8 Surprising Foods That Help You Sleep

1. Cherries
Sour cherries are one of the few foods to contain significant amounts of melatonin, a hormone produced naturally by the body that helps control your sleep-wake cycle. Studies show that a glass of sour cherry juice before bedtime can encourage sound sleep and may help tackle insomnia.

2. Oats
Oats contain a natural sedative which can help improve the symptoms of insomnia and anxiety, without any side effects. A tea made from oat straw is a traditional remedy for insomnia – simply add some of the dried herb to a cup of boiling water and let it infuse for about 15 minutes.

3. Chamomile
Chamomile also has natural sedative properties, which benefit the immune system by helping to lower levels of immune-compromising stress hormones. It is a classic remedy for sleep disturbances. Try drinking a cup of chamomile tea in the evening, before bedtime.

4. Goji berries
Goji Berries can help soothe nerves and promote restful sleep. You can eat the dried berries or drink goji berry juice. They are rich in antioxidants that also benefit cardiovascular health, muscle health and vision.

5. Milk 
Milk is a good source of B vitamins, especially B12, which contributes to the healthy functioning of the brain and nervous system and for helps to regulate the sleep/wake cycle.
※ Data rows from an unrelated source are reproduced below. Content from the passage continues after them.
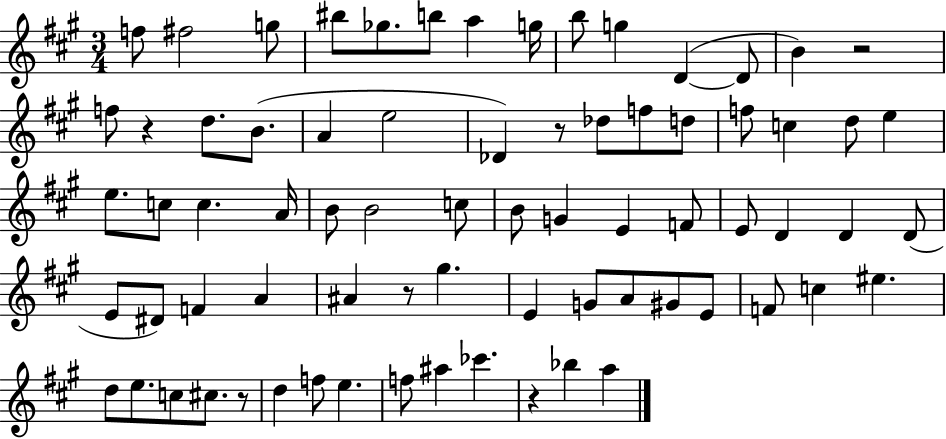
{
  \clef treble
  \numericTimeSignature
  \time 3/4
  \key a \major
  f''8 fis''2 g''8 | bis''8 ges''8. b''8 a''4 g''16 | b''8 g''4 d'4~(~ d'8 | b'4) r2 | \break f''8 r4 d''8. b'8.( | a'4 e''2 | des'4) r8 des''8 f''8 d''8 | f''8 c''4 d''8 e''4 | \break e''8. c''8 c''4. a'16 | b'8 b'2 c''8 | b'8 g'4 e'4 f'8 | e'8 d'4 d'4 d'8( | \break e'8 dis'8) f'4 a'4 | ais'4 r8 gis''4. | e'4 g'8 a'8 gis'8 e'8 | f'8 c''4 eis''4. | \break d''8 e''8. c''8 cis''8. r8 | d''4 f''8 e''4. | f''8 ais''4 ces'''4. | r4 bes''4 a''4 | \break \bar "|."
}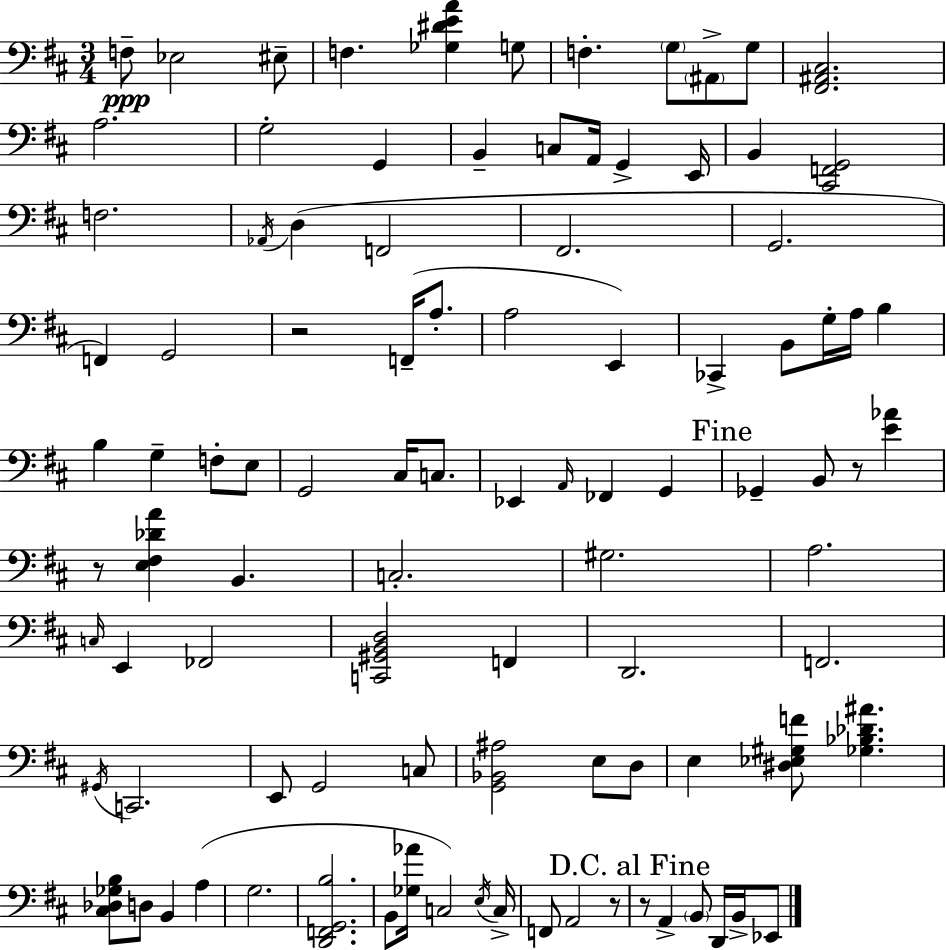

Drinking warm milk mixed with raw honey, in the evening, can help encourage a peaceful sleep.

6. Millet
Millet ranks the sixth most important grain in the world and sustains around one third of the global population. It is considered to be one of the most digestible grains available.
It contains substantial amounts of tryptophan, an amino acid that can help induce a good night’s sleep. 

7. Lettuce
The dark, bitter lettuce leaves contain substances which can relax nerves, reduce palpitations and induce sleep, e.g. Cos or Romaine Lettuce.

8. Bananas
The Vitamin B6 in bananas regulates the nervous system and helps promote healthy skin, while the amino acid tryptophan may help reduce symptoms of anxiety and insomnia.

To Conclude,
It’s important to keep in mind that your sleep environment and night-time routine (i.e. sleep hygiene) play a crucial role in your ability to sleep well. Some foods may help with sleep in general, but they will be more effective when you have good sleep hygiene.